Programming / networking lesson learned: too much error checking creates more problems than it solves. I’ve been seeing that lately in networking too: IPS false positives blocking some Cisco guest WLAN by triggering on some CAPWAP tunneled traffic from AP to DMZ controller. Ditto with application traffic.
A topic for another time: do you really want to use your Server Load Balancer (or F5 uber-box?) as a firewall? Which is best exposed to hackers, a purpose-built firewall or a SLB? Or do both have their own strengths and weaknesses?
[And thanks to Ivan P for his hand-sketches in blogs, it got me playing with HTML editors and drawing tools on the iPad. Let’s just say informal hand-sketches on a PC aren’t necessarily easy?]
One response to “Security in the Datacenter”
Thanks for your comments.
I agree about switch ACL’s being high-speed (wire speed) and have made that argument at times. It seems to mostly irritate security people (hence my crack about firewall = security in the article).
I’ve been talking to people about "security vaults" to emphasize that you secure the valuables (in say firewall contexts), not everything. So to me, switch ACL’s is how you block the usual suspects, like Microsoft ports that shouldn’t be getting used, at least not from the outside.
Re state, people use the argument "it’s easier for ensuring legitimate return traffic". Which has some validity. There’s also the "protects the host from SYN attack" sort of argument. (And then the firewall takes the hit in place of some server?) What I keep noticing is that state in various forms (firewall, NAT) gets in the way of failover, e.g. between diverse Internet links. I’m not sure I see a good answer there, even if your exposed servers have public addresses on them (or the VIP on the SLB does).

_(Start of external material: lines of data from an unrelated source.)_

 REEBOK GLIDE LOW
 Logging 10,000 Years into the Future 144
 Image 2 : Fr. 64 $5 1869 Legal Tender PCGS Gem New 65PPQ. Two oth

I probably should have made the point that some similar arguments apply also to IPS and anything else in front of the entire datacenter, or the Internet link, although capacity is much less of a problem on the Internet side of things. [b]If I have a message, it’s that you have to watch the capacity, and structure things to give yourself some flexibility if you’re close to maxing out the box. [/b]
Someone suggested I check out some of the Palo Alto Networks literature to get their perspective, and I plan to do that. Right now, where I’m coming from is that I’ve seen either app problems that turned out to be firewall or IPS or web proxy AV capacity problems — and that some of those boxes really don’t make it too easy to figure out that they’re where you’re dropping packets. It’s not good when you’re troubleshooting by guessing that since you’re doing more than say 80% of the published capacity of a box, that’s probably the cause of the problems.